:: ABOUT THIS TASK ::
I would like each line of the data that holds the word "more" copied out.

Dataset excerpts
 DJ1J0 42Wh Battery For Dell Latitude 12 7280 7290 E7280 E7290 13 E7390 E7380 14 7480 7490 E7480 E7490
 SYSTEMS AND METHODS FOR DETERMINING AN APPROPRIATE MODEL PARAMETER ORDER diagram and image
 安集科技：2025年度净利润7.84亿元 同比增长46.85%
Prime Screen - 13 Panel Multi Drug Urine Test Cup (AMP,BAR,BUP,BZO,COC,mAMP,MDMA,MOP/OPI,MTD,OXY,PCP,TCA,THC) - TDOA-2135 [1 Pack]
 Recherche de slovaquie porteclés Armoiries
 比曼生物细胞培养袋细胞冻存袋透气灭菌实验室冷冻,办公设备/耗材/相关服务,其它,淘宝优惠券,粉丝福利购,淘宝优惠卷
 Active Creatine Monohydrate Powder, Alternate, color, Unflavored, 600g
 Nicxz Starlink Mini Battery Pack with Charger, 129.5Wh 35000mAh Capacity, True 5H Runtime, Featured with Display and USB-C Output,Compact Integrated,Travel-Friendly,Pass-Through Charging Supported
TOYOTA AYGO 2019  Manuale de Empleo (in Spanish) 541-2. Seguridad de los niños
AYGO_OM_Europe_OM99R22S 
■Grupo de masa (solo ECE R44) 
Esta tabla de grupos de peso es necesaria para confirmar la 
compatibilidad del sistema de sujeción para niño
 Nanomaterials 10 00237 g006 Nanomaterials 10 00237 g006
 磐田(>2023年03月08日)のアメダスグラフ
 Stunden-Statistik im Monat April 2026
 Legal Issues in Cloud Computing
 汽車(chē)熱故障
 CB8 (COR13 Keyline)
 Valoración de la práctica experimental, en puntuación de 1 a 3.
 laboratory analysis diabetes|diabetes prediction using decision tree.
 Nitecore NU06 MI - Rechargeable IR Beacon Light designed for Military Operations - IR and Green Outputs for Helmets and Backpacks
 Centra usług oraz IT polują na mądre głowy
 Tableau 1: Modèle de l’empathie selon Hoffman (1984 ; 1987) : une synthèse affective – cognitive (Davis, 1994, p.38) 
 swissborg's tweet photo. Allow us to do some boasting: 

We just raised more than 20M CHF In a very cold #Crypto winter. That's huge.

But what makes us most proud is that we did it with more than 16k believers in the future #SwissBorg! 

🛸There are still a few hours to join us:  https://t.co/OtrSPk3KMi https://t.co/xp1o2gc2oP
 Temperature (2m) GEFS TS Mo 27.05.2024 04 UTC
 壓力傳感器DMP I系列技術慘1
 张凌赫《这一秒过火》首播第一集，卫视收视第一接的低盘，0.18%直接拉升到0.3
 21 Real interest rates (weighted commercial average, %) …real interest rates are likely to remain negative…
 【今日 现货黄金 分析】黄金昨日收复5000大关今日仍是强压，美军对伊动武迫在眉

:: SOLUTION ::
We just raised more than 20M CHF In a very cold #Crypto winter. That's huge.
But what makes us most proud is that we did it with more than 16k believers in the future #SwissBorg! 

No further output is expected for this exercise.